Today, China’s development strategy focuses on continuous self-transcendence, and does not aim to surpass the US or any other country. A country’s GDP growth rate is ultimately its own internal affair. Many Chinese do not understand why Washington takes China’s GDP so seriously. The rise of China’s GDP ranking, including whether it will surpass the US to become the No.1, is fundamentally a natural outcome, and the Chinese are not worried about gains or losses.
Compared with GDP figures, the pragmatic Chinese people care more about whether their living standards are rising, environment is improving, and their development opportunities are increasing. They work hard day after day for achieving these goals. Under the guarantee of state policies, such common, real and modest aspirations, combined with the hard work and ability of the Chinese people, become the huge engine driving China’s economic growth. China’s development philosophy is people-centered, and emphasizes high-quality development, which means that quality, not quantity, is the focus. Quantity is, of course, important, but we cannot take “GDP growth as the sole criterion for success.” Over the years, China’s economic development has become more balanced, coordinated, and sustainable. This is an upgrade in terms of “quality” and a result of Chinese people’s concerted efforts and active pursuit.
In other words, China’s development is never about surpassing or replacing anyone or competing with anyone to become the world leader. It is instead a race with itself. For today’s China, how to focus on solving the problem of unbalanced and insufficient development is far more critical than “comparing” with a great power. The 19th National Congress of the Communist Party of China (CPC) outlined a strategic plan to build China into a great modern socialist country in all respects, and the upcoming 20th CPC National Congress will envision the “two-step” strategic plan for building China into a great modern socialist country, and “focus the efforts on addressing inadequacies, strengthening areas of weakness, consolidating fundamentals and giving full play to strengths.” From this, we can see that China has a consistent and firm attitude of focusing on its own development.
There is no denying that GDP is a crucial economic indicator that can allow us to see where we are in general and make development plans accordingly. But it is more important to translate GDP into a sense of gain, happiness, and security for the people. As for being second or first in the world in terms of data, it cannot replace people’s feelings about their livelihoods, nor is it the ultimate goal of development. At the end of the day, Chinese people have always been trying to live their lives as well as possible and earn the respect they deserve in the international community. We do not bully others, and others should not try to do that to us. In the era of globalization, such countries are the best partners for mutually beneficial cooperation.

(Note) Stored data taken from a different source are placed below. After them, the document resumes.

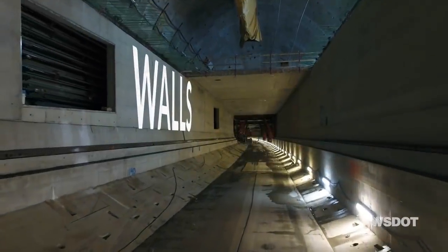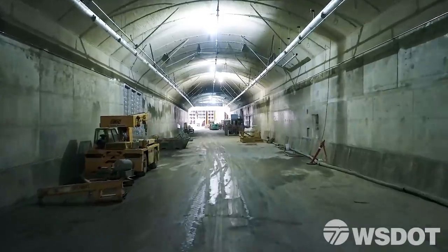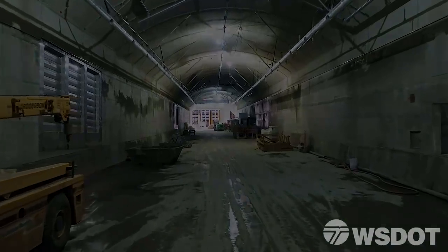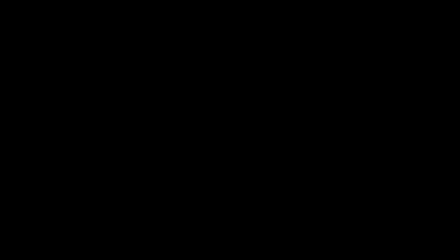The walls, the road decks, and the corbels that those walls sit on are also designed to be flexible and to withstand the effects of a large earthquake. The SR-99 tunnel would be the safest place to be in Seattle during and after a big earthquake. I'm looking forward to seeing Seattle and a new waterfront with a tunnel heading underneath it that people can travel safely through.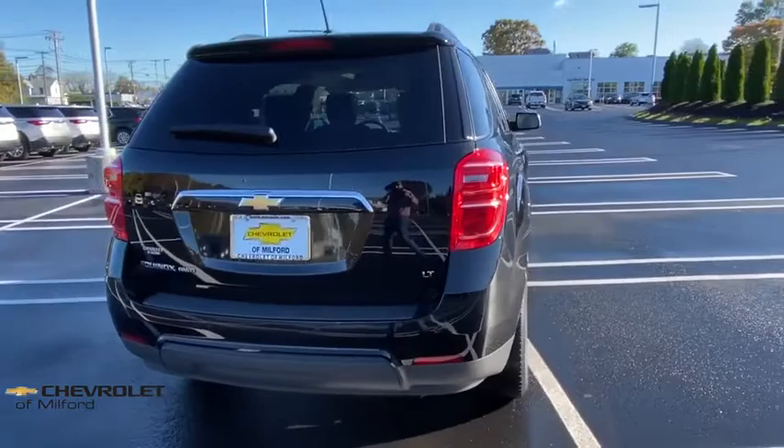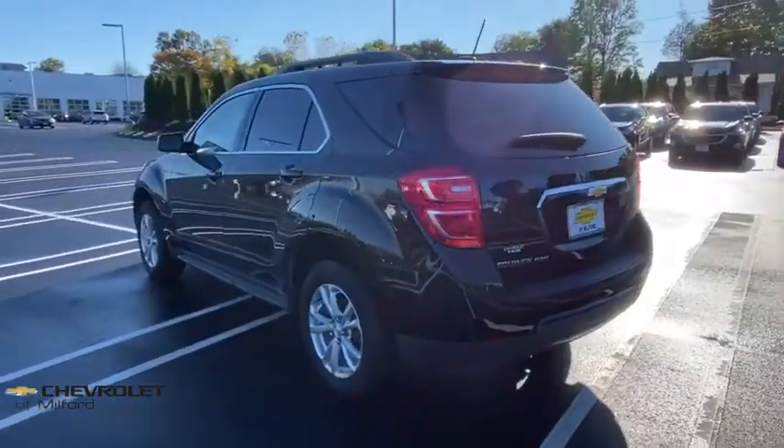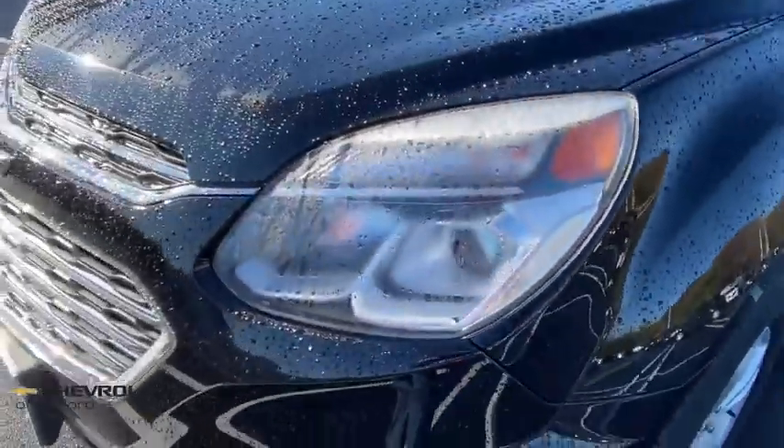Traction control, dual airbags, power steering, four-wheel disc brakes, electronic stability control, security system, compass, power windows, rear window defroster, trip computer, remote keyless entry, tachometer, panic alarm.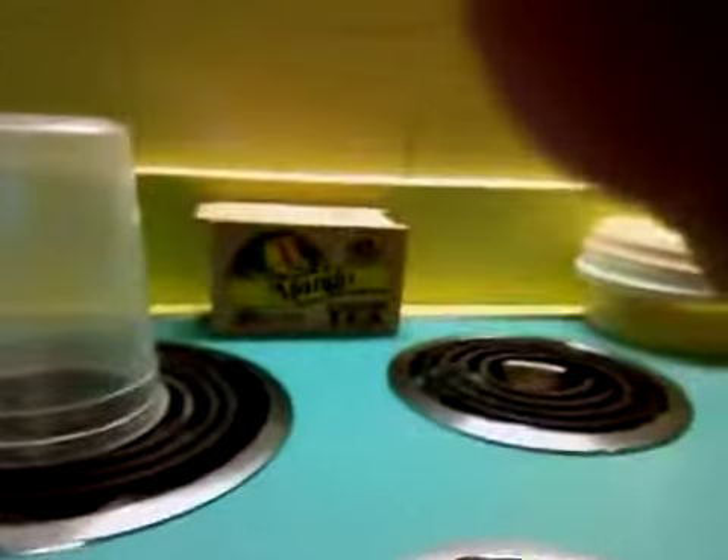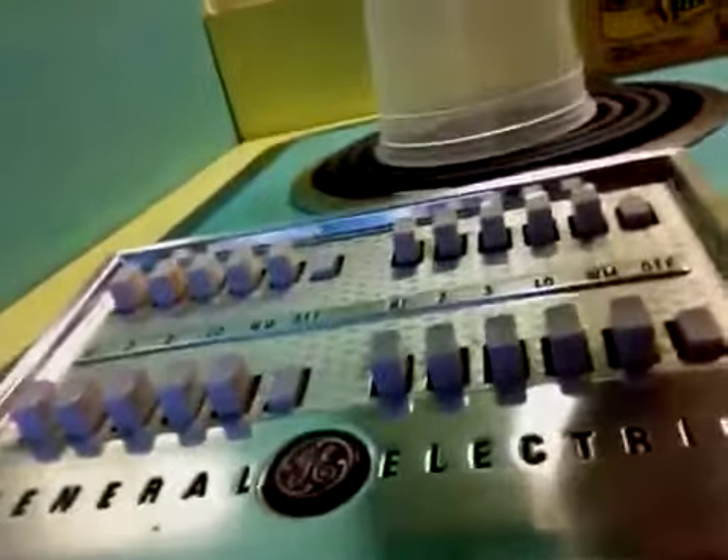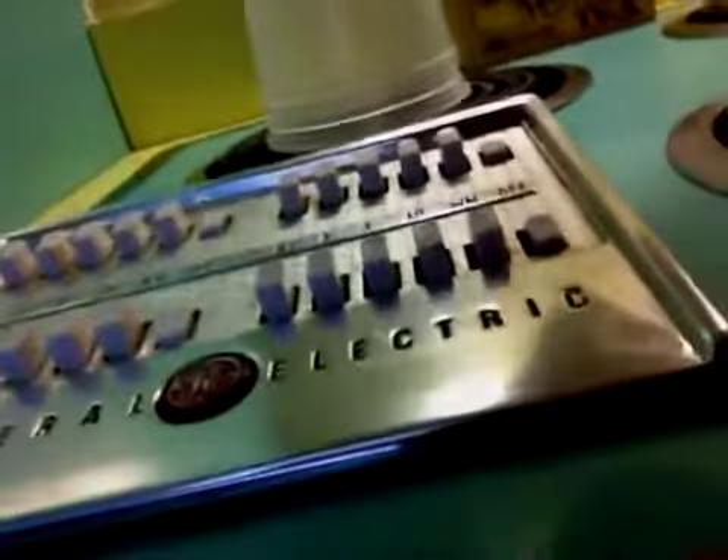I wish we had a retro refrigerator, but the only refrigerator we have is this modern monstrosity. Now we also have our retro stovetop, which is original as well. It's in great condition and it's got the whole logo with the push buttons.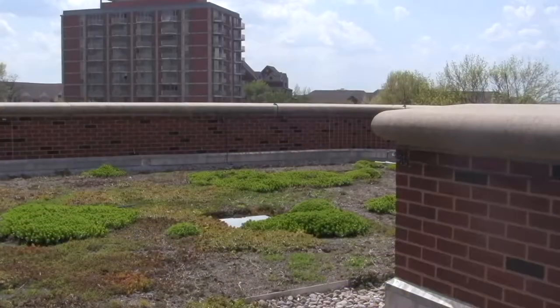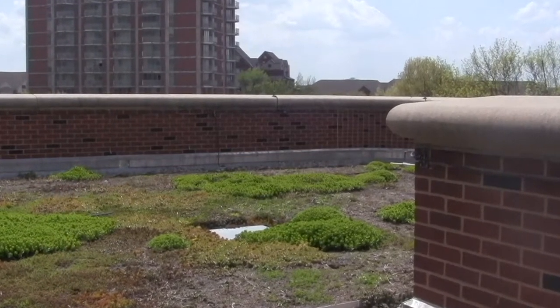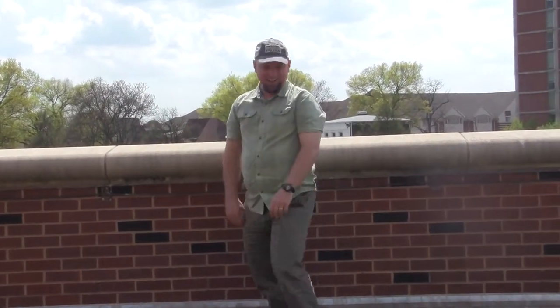Welcome to the roof of the College of Business. This is the Equine Industry Program's expansion. The really neat thing about what we did when we expanded the College of Business a few years ago was we put in UofL's very first vegetated roof. I'm so thrilled to be up here today sharing this with you.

The fear of being overtaken by China in terms of GDP has become a sore point for Washington, or its demon. To slow down China’s development, Washington even risks damaging itself, such as pursuing “decoupling” from China. In fact, there is no need to do so, because China is committed to making a big cake that benefits its own people and, at the same time, provides more development opportunities for the world, including the US. As long as the US lets go of its obsessions and overcomes its sore point, it will apparently see the massive potential for win-win cooperation with China.